FIG. 1 is a schematic diagram of a prior art envelope detector 100. Envelope detector 100 comprises rectifying transistor 101, capacitor 102, resistor 103, holding capacitor 104, bias current source 105, optional DC offset replica circuit 106, and optional subtracting amplifier 107. Rectifying transistor 101 is configured to receive at a first terminal a bias voltage through resistor 103 and an input RF signal through capacitor 102. The first terminal of rectifying transistor 101 can be the gate if rectifying transistor 101 is a field-effect transistor (FET), the base if rectifying transistor 101 is a bipolar junction transistor (BJT), or other suitable control terminals for other devices.
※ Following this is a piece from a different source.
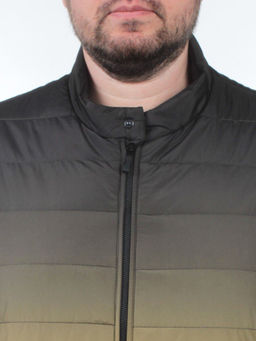 8341L GREEN/YELLOW Куртка мужская демисезонная (100 гр. синтепон) - Fashion фото 3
A second terminal of rectifying transistor 101 is connected to holding capacitor 104 at an output node 108 and provided a bias current from bias current source 105. The second terminal of rectifying transistor 101 can be the source if rectifying transistor 101 is a FET, or the emitter if rectifying transistor 101 is a BJT. Holding capacitor 104 is selected such that the response time of the voltage at output node 108 is substantially slower than the period of frequency of the RF input. By using a nonlinear rectifying transistor 101, the average voltage at output node 108 can respond to the amplitude of the input RF signal.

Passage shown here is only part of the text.